By analyzing the nonlinear optical response in an asymmetric coupled double quantum well structure based on the intersubband transitions, we show that a giant Kerr nonlinearity with a relatively large cross-phase modulation coefficient can be used to produce efficient photonphoton entanglement and implement an all-optical two-qubit quantum polarization phase gate. We also demonstrate that such photon-photon entanglement is practically controllable and may facilitate more practical applications in all-optical quantum information and computation.
©2008 Optical Society of America
There have been many progresses in the development of logic gates and memory devices using nonlinear optical effects, especially with the resonant semiconductor optical nonlinearities . Resonant optical nonlinearities in semiconductors occur at the small intensity and small current, with a controllable flexibility. But the spectral overlap of the absorption and corresponding refractive index changes must be taken into account for such device designs. The existence of the electromagnetically induced transparency (EIT) in systems of semiconductor quantum well (SQW) structures is of particular significance because EIT and EIT-related phenomena have been proven to have a vast number of important applications in cold atom gases [2, 3, 4, 5, 6, 7] and hence received considerable attentions in the past decades. It opens up an avenue to explore new possibilities for nonlinear optics and related quantum information processing (QIP) via EIT. It is more advantageous at least from the view point of practical purposes to find, instead of above mentioned cold atom gases, SQW solid systems to realize giant cross phase modulation (XPM) phase shifts and the related QIP with merits such as large electric dipole moments due to the small effective electron mass, high nonlinear optical coefficients, and a great flexibility in device design by choosing the materials and structure dimensions.

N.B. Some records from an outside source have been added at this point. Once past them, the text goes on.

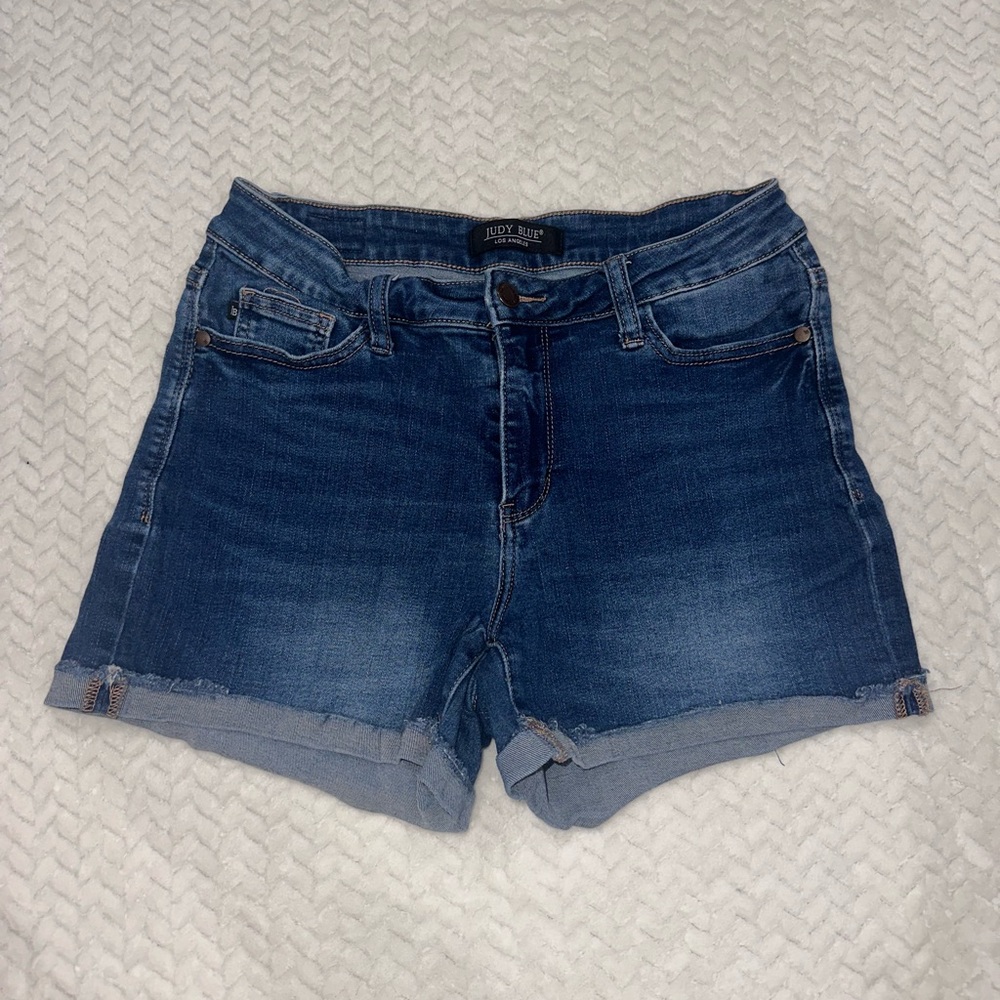 Judy Blue Cuff/Raw Hem Blue Jean Shorts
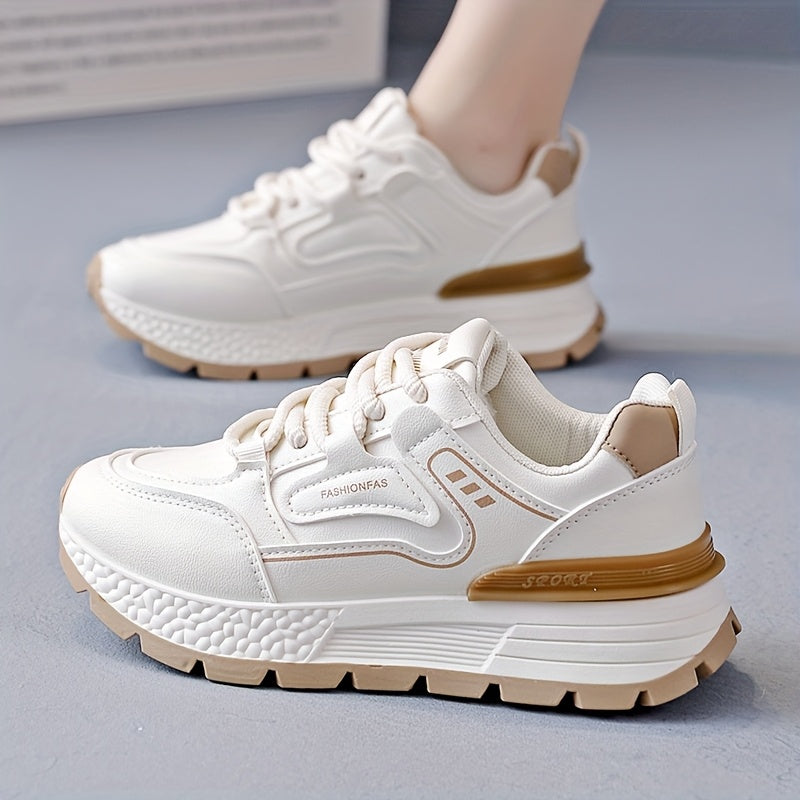 Women's Casual Sports Shoes Thick Sole Lace-up Outdoor Athletic Footwear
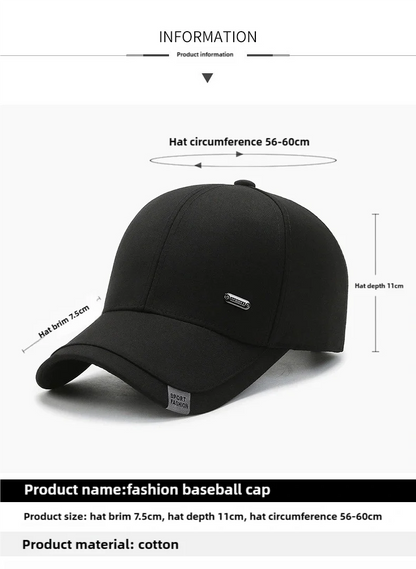 Men's Baseball Hat Hard Top Spring Autumn Big Head Circumference Cotton Cap Sun Protection Dad Cap Adjustable Strap Fishing Hat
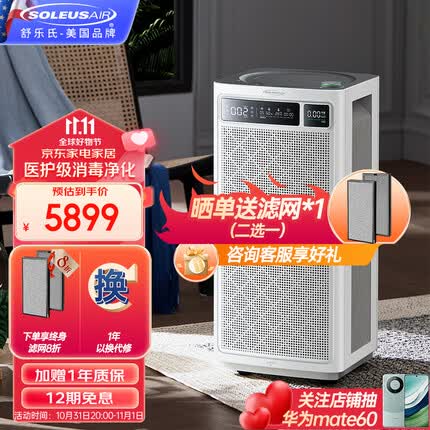 SOLEUSAIR舒乐氏空气净化器a10除甲醛分解除雾霾pm2.5家用卧室净化除菌空气消毒机 新品空净B01（母婴级）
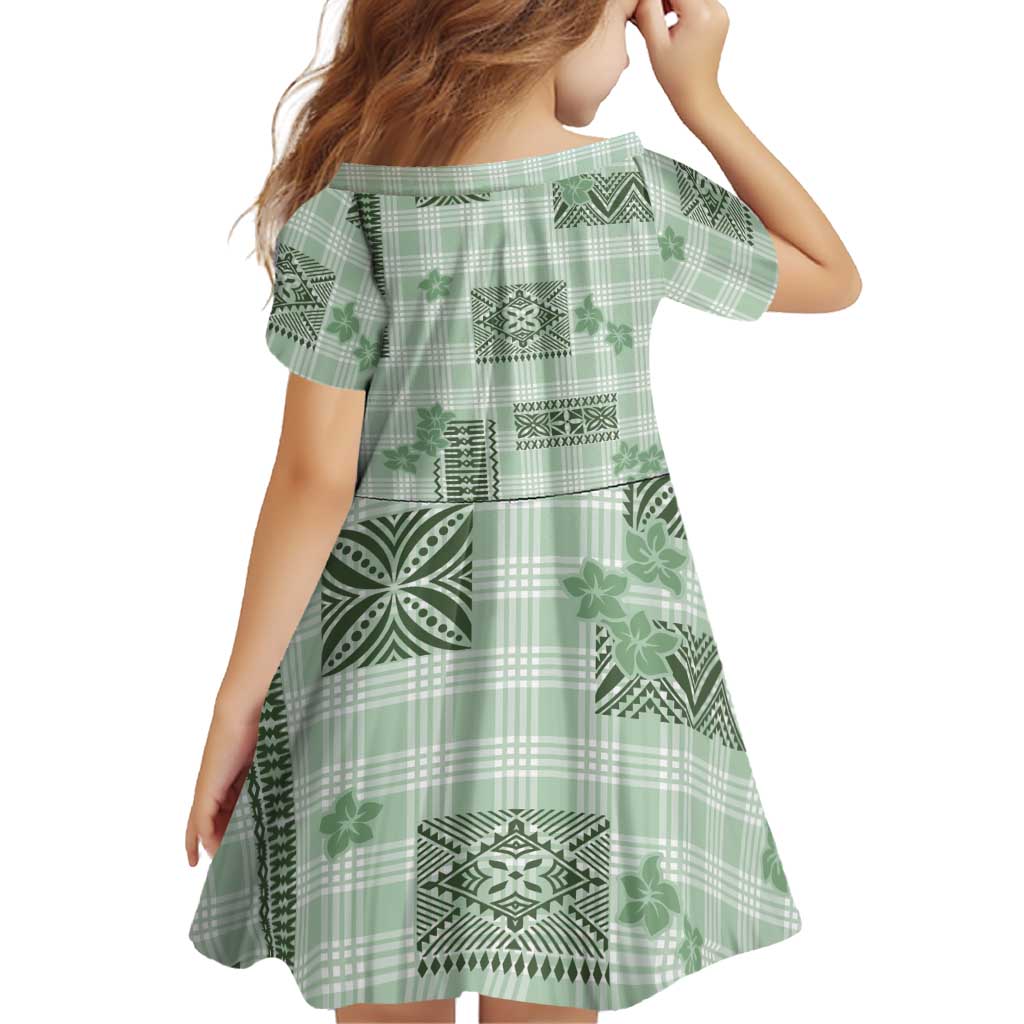 Hawaiian Quilt Tapa On Pastel Mint Palaka Motifs Family Matching Off The Shoulder Long Sleeve Dress and Hawaiian Shirt LT7 - Polynesian Pride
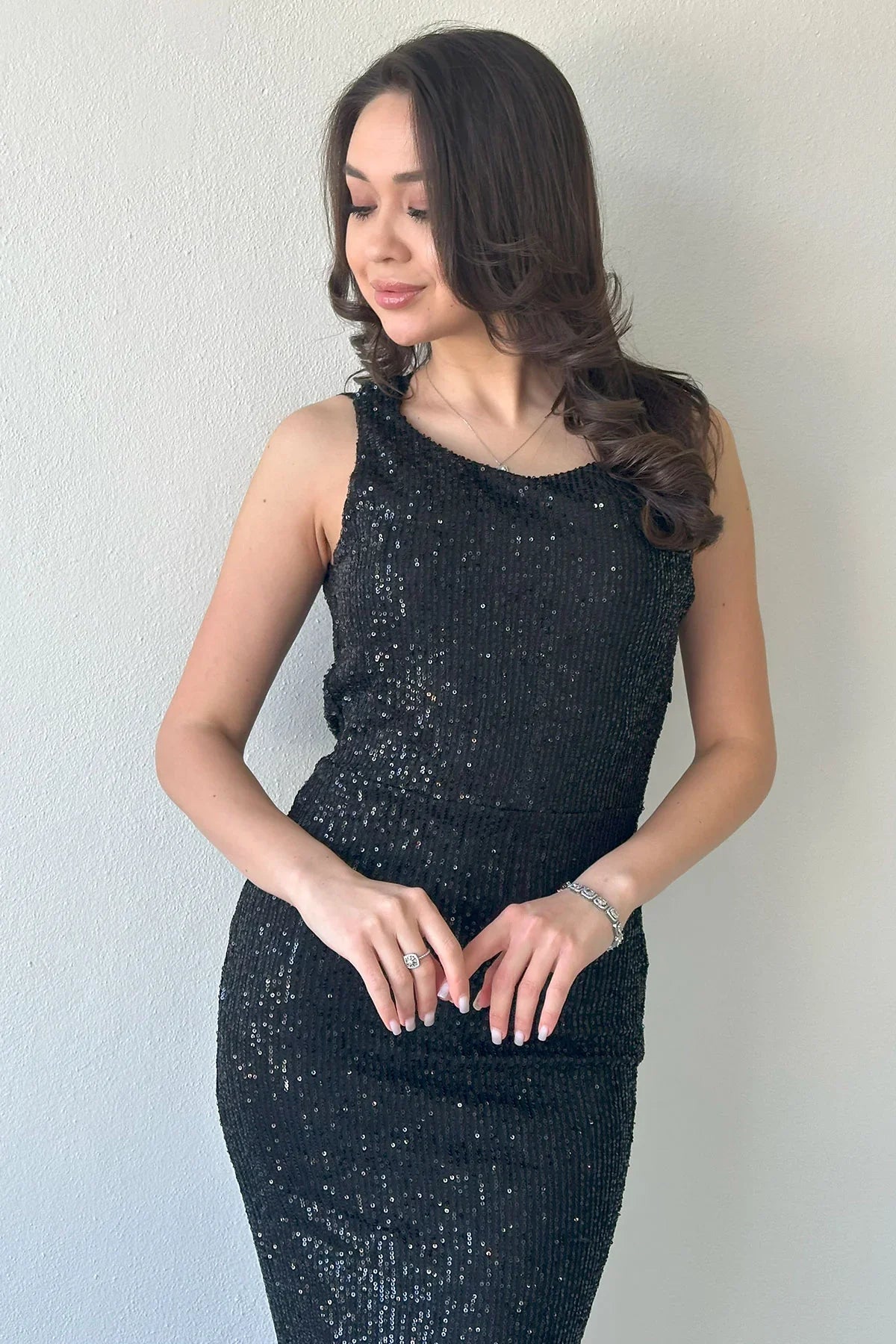 Women's Black Open Back Strap Sequin Plus Size Evening Gown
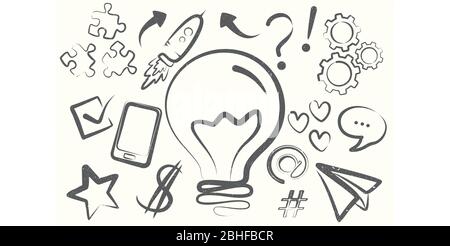 Imposta l'astratto delle icone dei temi dell'ufficio commerciale o dello sfondo e dello sfondo. Icona cartoni animati vintage. Illustrazione vettoriale EPS.8 EPS.10 Illustrazione Vettoriale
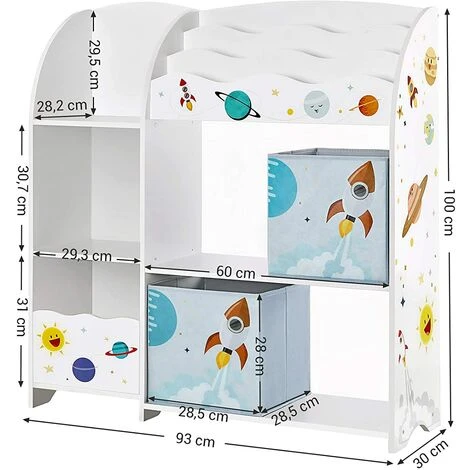 SONGMICS Étagère De Rangement Pour Jouets Enfant Et Livres, Meuble De Rangement Multifonctionnel, Avec 2 Tiroirs En Tissu, Thème Planètes, Pour Salle De Jeux, Chambre Enfant, Salon, Blanc GKR42WT - Blanc – Image 5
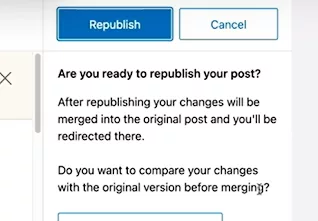 Republish the updated WordPress post with the Duplicate Post plugin
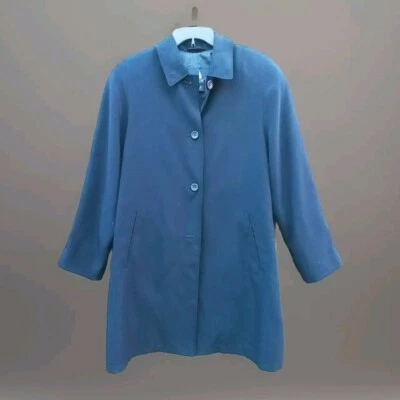 LONDON FOG MAINCOATS TRENCH WOMENS SZ M REG BLUE COLLAR SINGLE BREASTED BUTTON - Image 1 of 4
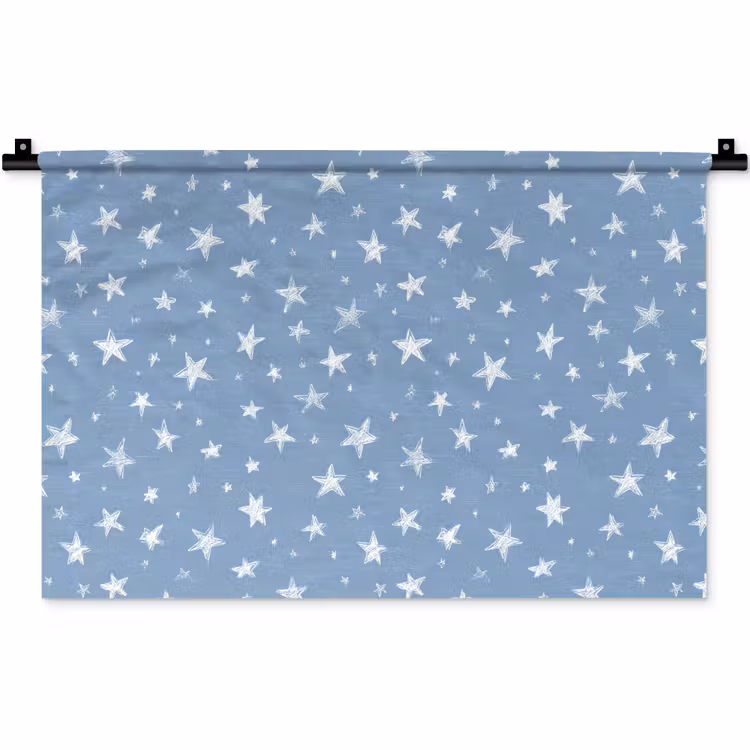 Sterretjes - Patroon - Blauw Wandkleed katoen klein 269 -zz3d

Besides, in SQW devices the transition energies, dipoles, and symmetries can also be controlled at will. More importantly, the SQW structure also provides another possibility to realize electrically controlled phase modulators and QIP due to that the conduction subband energy level can be easily tuned by an external bias voltage [8, 9]. In this regards, we note that EIT [10, 11], tuneling-induced transparency (TIT) , ultrafast switching , slow light [8, 13, 14], optical solitons , optical delay , etc, have been investigated in SQW systems. However, as far as we know, up to now no any work has explored Kerr nonlinearity and its applications for producing entangled-photon states and all-optical quantum phase gate (QPG) based on EIT effect in SQW systems.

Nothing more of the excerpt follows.